Despite the curiosity and excitement about daja vu in popular culture, these subjective experiences remain poorly understood in scientific terms. Studying deja vu has proven difficult due to the fleeting nature of these obscure occurrences, and due to the lack of experimental procedures to elicit them in the psychological laboratory.

In an article published online by Neuropsychologia, “Deja Vu in Unilateral Temporal-Lobe Epilepsy is Associated with Selective Familiarity Impairments on Experimental Tasks of Recognition Memory," Martin and psychology professor Stefan Köhler were able to shed light on this fascinating phenomenon by examining a rare group of neurological patients that experience daja vu as an early sign of advancing seizures.

Due to lasting underlying brain pathology, most patients with temporal lobe epilepsy exhibit subtle impairments in memory even at times when no seizures are present. Köhler and his team built on this link by seeking behavioural markers of deja vu on specific memory tasks that were designed to probe feelings of familiarity. The researchers discovered a pattern of performance that clearly distinguished patients with deja vu from those without.

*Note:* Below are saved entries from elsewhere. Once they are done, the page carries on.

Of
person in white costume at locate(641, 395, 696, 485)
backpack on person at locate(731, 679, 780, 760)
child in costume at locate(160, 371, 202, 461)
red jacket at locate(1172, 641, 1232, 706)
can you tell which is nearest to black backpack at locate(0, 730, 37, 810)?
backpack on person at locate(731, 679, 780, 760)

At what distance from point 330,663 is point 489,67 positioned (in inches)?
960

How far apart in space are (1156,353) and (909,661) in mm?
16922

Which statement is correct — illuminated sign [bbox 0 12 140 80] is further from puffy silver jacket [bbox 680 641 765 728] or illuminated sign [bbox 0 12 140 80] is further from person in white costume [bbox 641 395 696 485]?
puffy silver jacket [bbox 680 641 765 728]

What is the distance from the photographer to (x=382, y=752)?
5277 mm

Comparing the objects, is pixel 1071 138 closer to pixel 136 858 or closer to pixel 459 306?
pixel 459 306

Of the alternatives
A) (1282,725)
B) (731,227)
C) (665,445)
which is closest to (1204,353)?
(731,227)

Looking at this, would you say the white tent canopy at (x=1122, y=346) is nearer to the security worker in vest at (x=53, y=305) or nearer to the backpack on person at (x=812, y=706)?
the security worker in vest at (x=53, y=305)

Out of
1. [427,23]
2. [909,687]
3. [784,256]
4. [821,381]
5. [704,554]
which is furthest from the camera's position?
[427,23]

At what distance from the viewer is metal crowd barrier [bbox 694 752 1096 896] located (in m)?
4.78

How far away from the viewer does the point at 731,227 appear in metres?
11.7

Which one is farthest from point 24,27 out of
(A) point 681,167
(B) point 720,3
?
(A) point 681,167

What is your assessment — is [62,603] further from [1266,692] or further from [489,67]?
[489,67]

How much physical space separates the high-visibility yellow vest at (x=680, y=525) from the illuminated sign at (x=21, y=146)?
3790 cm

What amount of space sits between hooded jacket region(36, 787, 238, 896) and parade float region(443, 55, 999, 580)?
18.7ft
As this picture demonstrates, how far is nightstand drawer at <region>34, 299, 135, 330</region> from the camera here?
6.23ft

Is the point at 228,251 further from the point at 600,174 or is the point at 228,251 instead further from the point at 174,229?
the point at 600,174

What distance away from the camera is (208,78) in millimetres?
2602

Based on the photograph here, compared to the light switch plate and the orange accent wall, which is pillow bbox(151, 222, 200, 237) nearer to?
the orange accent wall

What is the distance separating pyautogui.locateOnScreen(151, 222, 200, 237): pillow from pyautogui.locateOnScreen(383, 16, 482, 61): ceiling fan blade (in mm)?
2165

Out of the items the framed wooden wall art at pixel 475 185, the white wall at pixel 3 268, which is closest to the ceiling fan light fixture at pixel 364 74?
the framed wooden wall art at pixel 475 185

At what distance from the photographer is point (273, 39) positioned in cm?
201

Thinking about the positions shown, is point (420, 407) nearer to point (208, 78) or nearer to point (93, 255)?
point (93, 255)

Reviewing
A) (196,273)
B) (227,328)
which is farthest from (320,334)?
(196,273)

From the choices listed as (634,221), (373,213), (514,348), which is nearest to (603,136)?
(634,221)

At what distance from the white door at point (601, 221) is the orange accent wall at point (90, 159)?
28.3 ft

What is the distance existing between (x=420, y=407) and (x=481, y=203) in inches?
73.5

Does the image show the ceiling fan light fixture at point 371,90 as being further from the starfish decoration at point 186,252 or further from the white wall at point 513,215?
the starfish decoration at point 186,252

Specifically, familiarity was selectively impaired only in individuals with deja vu in their seizure profile. In an experiment that placed different types of memories in conflict, patients with deja vu were still able to counteract inappropriate feelings of familiarity with their ability to recollect pertinent information about previous actual events.

These findings, say Köhler and Martin, open a new window towards understanding the psychological and neural mechanisms that give rise to fleeting, subjective feelings of deja vu. They remind us that even when lasting for just a split second, memory experiences reflect the interplay of many different, sometimes competing processes.

On another level, these findings are also of clinical relevance in the surgical treatment of temporal lobe epilepsy. The study was conducted at Western’s Brain and Mind Institute, in collaboration with clinical scientists at the London Health Sciences Centre and McGill University.